The more proximal amputations, such as Chopart and occasionally Lisfranc, generally require prostheses with higher trim lines, in order to accommodate a more drastic loss of biomechanical function and surface area upon which to suspend the prosthesis and redistribute ground reaction forces. These "high profile" designs tend to lock out any residual ankle motion. The higher trim lines help to suspend the prosthesis, redistribute ground reaction forces and to resist dorsiflexion during gait. A modified AFO with foam toe filler and a PTB style hard socket laminated directly to a carbon footplate are two examples of "high profile" partial foot prostheses (fig.4 , fig.5 , fig.6 ). Regardless of the design, the partial foot prosthesis must resist an external dorsiflexion moment during "prosthetic forefoot loading". This moment causes the prosthesis to rotate in the direction of dorsiflexion. Each design of prosthesis resists this moment differently. Modifying the plaster model to load certain areas creates an intimately fitting, comfortable, and efficient prosthesis which helps restore toe lever and redistribute the forces that would otherwise cause the prosthesis to rotate. The perimalleolar designs use mediolateral calcaneal suspension and the plantar loading surface of the residuum to counteract the dorsiflexion rotation. In high profile designs, " the forefoot dorsiflexion moment is resisted by a force couple created by socket interface forces located anteriorly at the socket brim and posteriorly at heel level"(6).

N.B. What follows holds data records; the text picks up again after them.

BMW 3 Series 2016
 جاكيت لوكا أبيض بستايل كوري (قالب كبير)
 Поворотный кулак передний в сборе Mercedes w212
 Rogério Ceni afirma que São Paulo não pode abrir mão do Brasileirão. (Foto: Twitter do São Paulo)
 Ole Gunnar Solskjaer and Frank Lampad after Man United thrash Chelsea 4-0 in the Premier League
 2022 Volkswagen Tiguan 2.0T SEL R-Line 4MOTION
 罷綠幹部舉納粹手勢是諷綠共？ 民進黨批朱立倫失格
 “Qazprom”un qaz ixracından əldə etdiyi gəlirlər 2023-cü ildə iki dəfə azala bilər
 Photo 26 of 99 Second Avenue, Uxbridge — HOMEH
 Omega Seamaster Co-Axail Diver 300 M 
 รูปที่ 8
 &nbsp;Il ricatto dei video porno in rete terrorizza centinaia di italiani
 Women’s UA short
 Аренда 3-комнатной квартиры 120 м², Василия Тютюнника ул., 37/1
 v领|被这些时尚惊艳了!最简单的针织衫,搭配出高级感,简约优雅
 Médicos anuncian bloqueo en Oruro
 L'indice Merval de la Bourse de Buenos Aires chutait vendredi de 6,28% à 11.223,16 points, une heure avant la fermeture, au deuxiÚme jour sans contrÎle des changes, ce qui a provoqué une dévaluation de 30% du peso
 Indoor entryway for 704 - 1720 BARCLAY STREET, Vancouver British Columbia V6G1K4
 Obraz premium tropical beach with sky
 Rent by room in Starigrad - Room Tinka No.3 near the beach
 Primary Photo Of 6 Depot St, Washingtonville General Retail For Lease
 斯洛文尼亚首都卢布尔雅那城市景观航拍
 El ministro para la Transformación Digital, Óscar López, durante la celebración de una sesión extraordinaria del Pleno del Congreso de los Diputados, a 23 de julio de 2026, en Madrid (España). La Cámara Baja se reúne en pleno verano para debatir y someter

Selecting the right device is crucial. Each patient presents a unique set of circumstances which need to be incorporated into the design of the prosthesis. Selection depends not only on the anatomy of the residuum but also the desires and abilities of the patient. A transmetatarsal or Lisfranc amputee with limited weight bearing and potentially troublesome skin who is concerned with only household transfers might select the simple foot orthosis with a toefiller and a custom shoe. A patient, with a similar amputation but with a healthy residuum and full weight bearing, who requires more "push off", might be a candidate for laminated slipper style prosthesis, a Lange prosthesis or even a Silicone prosthesis. The "high impact" partial foot amputee may require a hybrid combination of a prosthesis and an orthosis, which offers both limb replacement and limb support. These hybrids designs are available in various combinations. One such device would be the supramalleolar thermoformed prosthesis that includes both a carbon foot plate and a custom molded arch support inside a custom shoe. For the more active yet cosmetically concerned patient, a custom silicone foot with a carbon fiber ankle foot orthosis would be an option (fig.7 ). This combination of components helps to restore stability and toe off during ambulation and appeals to the aesthetic concerns of the patient.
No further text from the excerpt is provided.